**Aim of the exercise**. A verbatim repetition of the data below is requested, without images.

**Dataset content**.
————

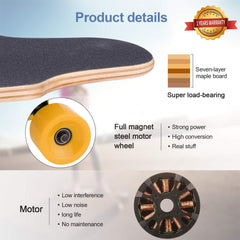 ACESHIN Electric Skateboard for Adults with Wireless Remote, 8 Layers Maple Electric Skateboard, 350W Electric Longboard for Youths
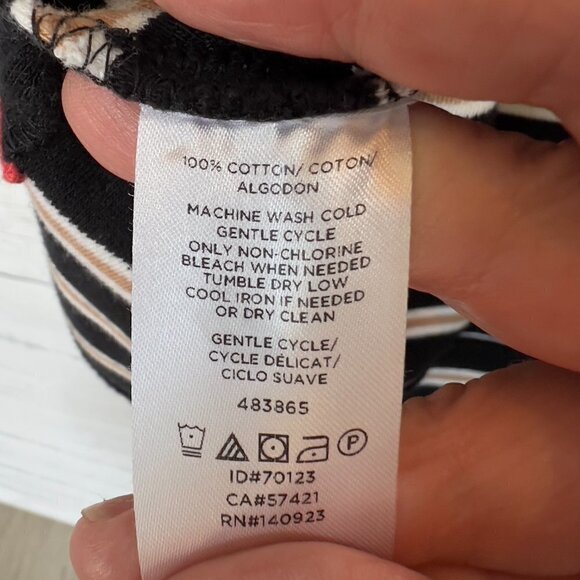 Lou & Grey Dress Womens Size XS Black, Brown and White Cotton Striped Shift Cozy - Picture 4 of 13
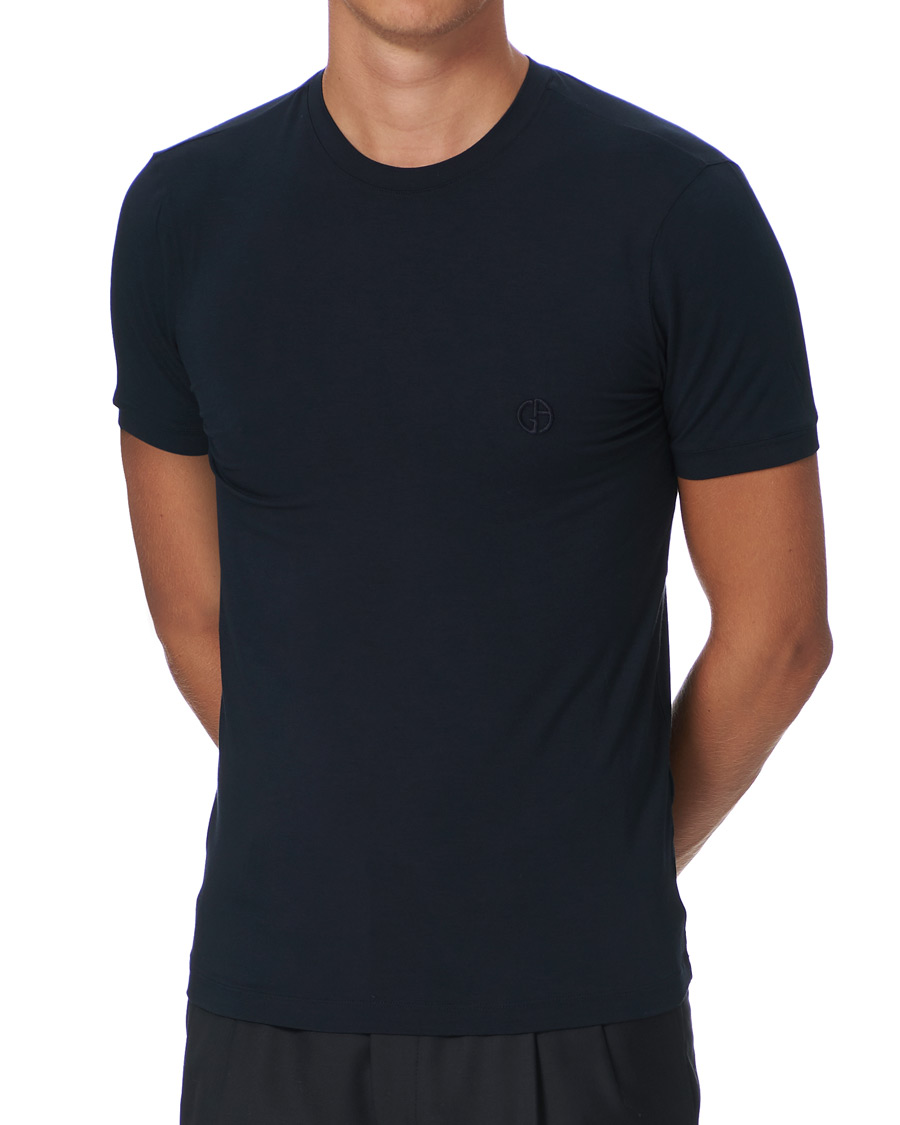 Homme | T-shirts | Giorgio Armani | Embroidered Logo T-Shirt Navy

————

**Final answer**.
 ACESHIN Electric Skateboard for Adults with Wireless Remote, 8 Layers Maple Electric Skateboard, 350W Electric Longboard for Youths
 Lou & Grey Dress Womens Size XS Black, Brown and White Cotton Striped Shift Cozy - Picture 4 of 13
 Homme | T-shirts | Giorgio Armani | Embroidered Logo T-Shirt Navy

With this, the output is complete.